Direktur Perencanaan Krusial kemudian Penguraian Bisnis dalam Pertamina New & Renewable Energy (NRE) Fadli Rahman mengungkapkan produksi material bakar bioetanol masih menjadi tantangan lantaran materi baku pembuatan materi bakar nol isi sulfur yang dimaksud masih harus impor.
“Bioetnol bisa jadi menghurangi impor BBM, emisi, tapi yang harus kita lihat bahwa bioetanol berasal dari jagung, gula, yang semuanya impor. Jadi kurang semua bahan-bahannya serta akhirnya berperang identik ketahanan pangan,” ujar Fadli pada waktu berkunjung ke iNews Industri Media Group, di dalam iNews Tower, Jakarta, Rabu (18/9/2024).
Baca Juga: Penjualan Kredit Karbon Pertamina NRE Naik Capai 565.000 Ton CO2e
Selain oleh sebab itu kurangnya ketersediaan material baku, produksi bioetanol pada Indonesia sulit dilaksanakan dikarenakan belum adanya lapangan usaha yang dimaksud masif. Selain itu, butuh waktu yang cukup lama untuk mampu meramu bioetanol secara sempurna.
“Itu butuh waktu dapat 20 tahun. Jadi memang sebenarnya perolehan itu penting untuk melakukan konfirmasi adanya supplier,” ujarnya.
Sebagaimana diketahui, implementasi bioetanol sebagai campuran BBM sudah dimulai oleh Pertamina melalui komoditas Pertamax Green 95 yang digunakan secara resmi rencananya akan diperkenalkan tahun ini. Langkah yang disebutkan sejalan dengan rencana pemerintah untuk menurunkan Emisi Gas Rumah Kaca (GRK) di tempat sektor transportasi melalui penyediaan BBN.

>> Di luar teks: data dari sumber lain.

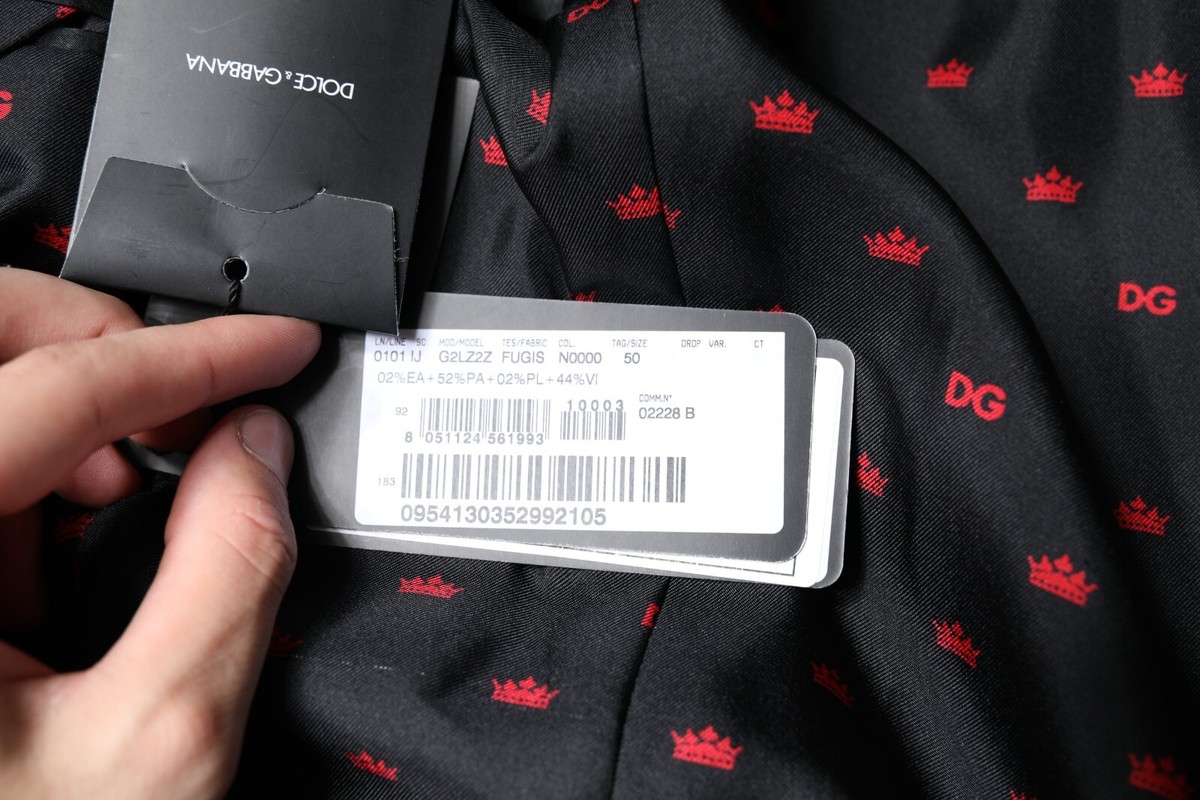 DOLCE & GABBANA Blazer Black Crown Bee Single Breasted Coat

Baca Juga: Pertamina-Toyota Sinergi Bangun Ekosistem Hidrogen dalam Indonesia, Untuk Apa?
Pemerintah mengupayakan pemanfaatan bioetanol sebagai substansi bakar transportasi dengan harapan langkah ini dapat menurunkan impor BBM nasional, menciptakan lapangan kerja baru, meningkatkan GDP dan juga berkontribusi pada penurunan emisi di jangka panjang.